What the reporting and photos show
Independent checks and industry reporting at the time found no evidence that high battery replacement costs drove operators to abandon scooters. Instead, companies across the shared-micromobility sector scaled back large fleets after initial rapid expansion produced oversupply while user demand slowed. A photo from February 9, 2022, on Wikimedia Commons shows similarly styled scooters bearing the Meituan logo in active service, supporting the timeline that these vehicles were circulating rather than being dumped because of dead batteries.

Background on operators
Large platforms once invested heavily in shared bikes, e‑bikes and e‑scooters; some firms acquired competitors and built massive fleets. As the market matured, many operators reduced or retired vehicles to cut losses and reallocate capital to core services. For example, a major acquisition of a bike‑share operator for roughly $2.7 billion in 2018 was followed by a corporate retrenchment from large‑scale bike‑sharing activities as strategies shifted.
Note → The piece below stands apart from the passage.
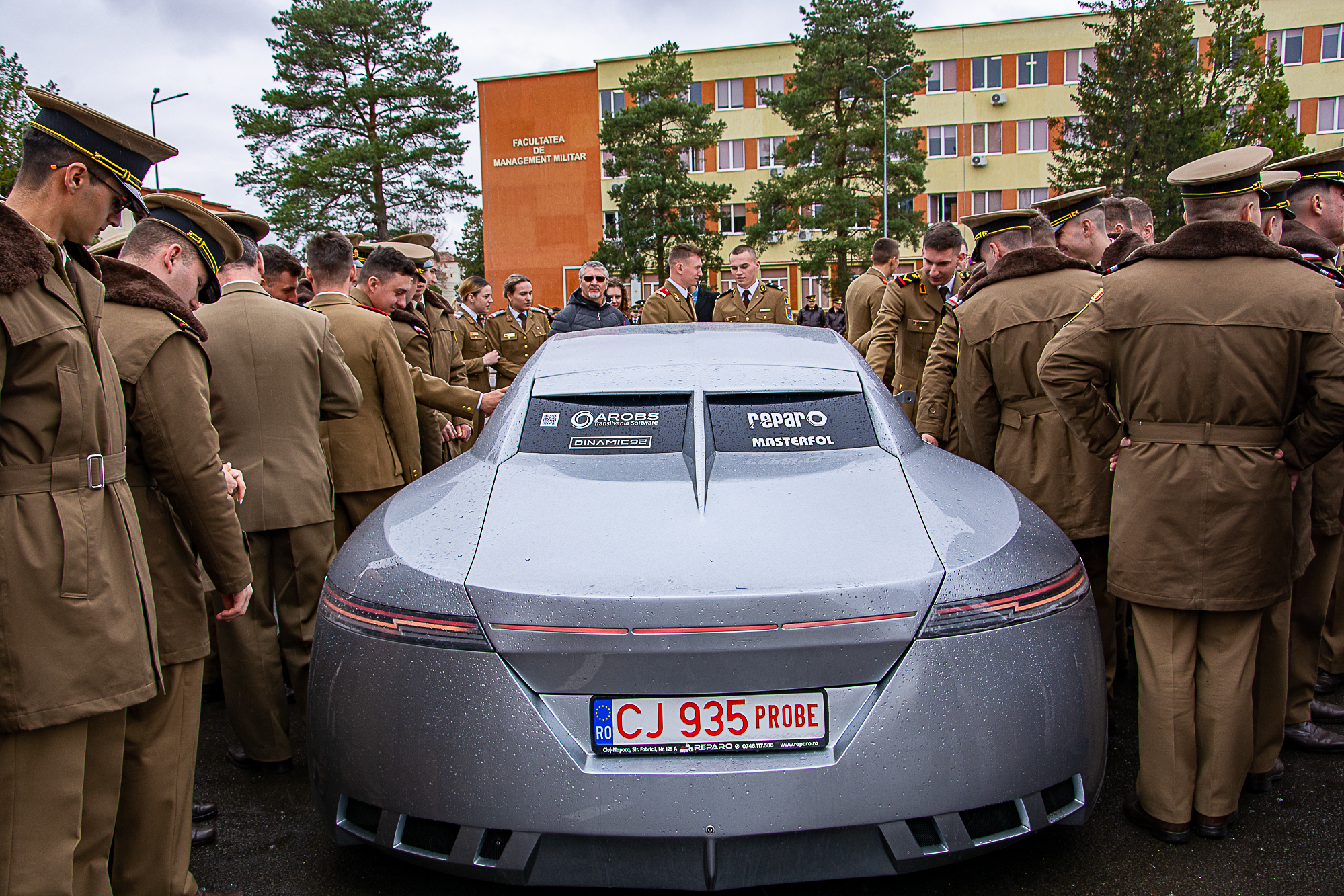 prima mașină electrică românească prezentată la aft sibiu. costă aproape jumătate de milion de euro (foto)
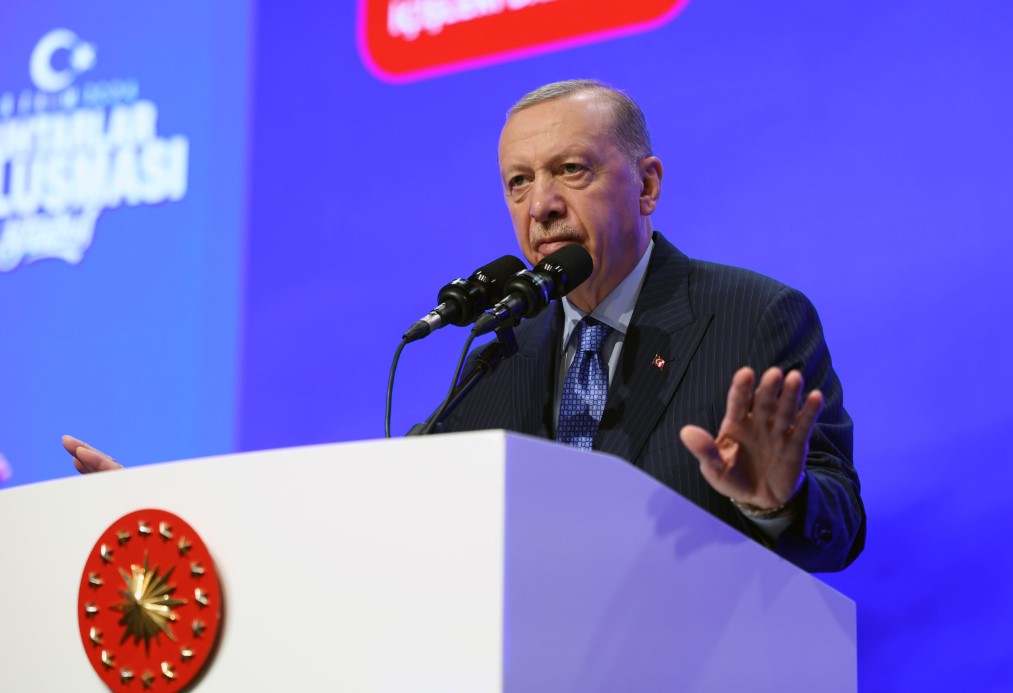 Cumhurbaşkanı Erdoğan: “Netanyahu denilen gözü dönmüş caninin elinde Amerikası, Avrupası, BM Güvenlik Konseyi adeta oyuncak olmuş durumda”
Why the battery story spread
The idea that batteries alone triggered mass abandonment is appealing because it ties to environmental and safety concerns. In reality, shared micromobility companies regularly manage battery maintenance, replacement and recycling as part of operations. When fleets are retired, the driving factor is most often economics — low utilization, high operating costs and failed growth assumptions — not a single cost line item such as a battery swap.

Bottom line
The viral "graveyard" video is genuine footage of decommissioned shared scooters, but the best available evidence attributes their removal to business and market forces rather than unaffordable battery replacement. The footage was repurposed on social media with an inaccurate explanation about batteries.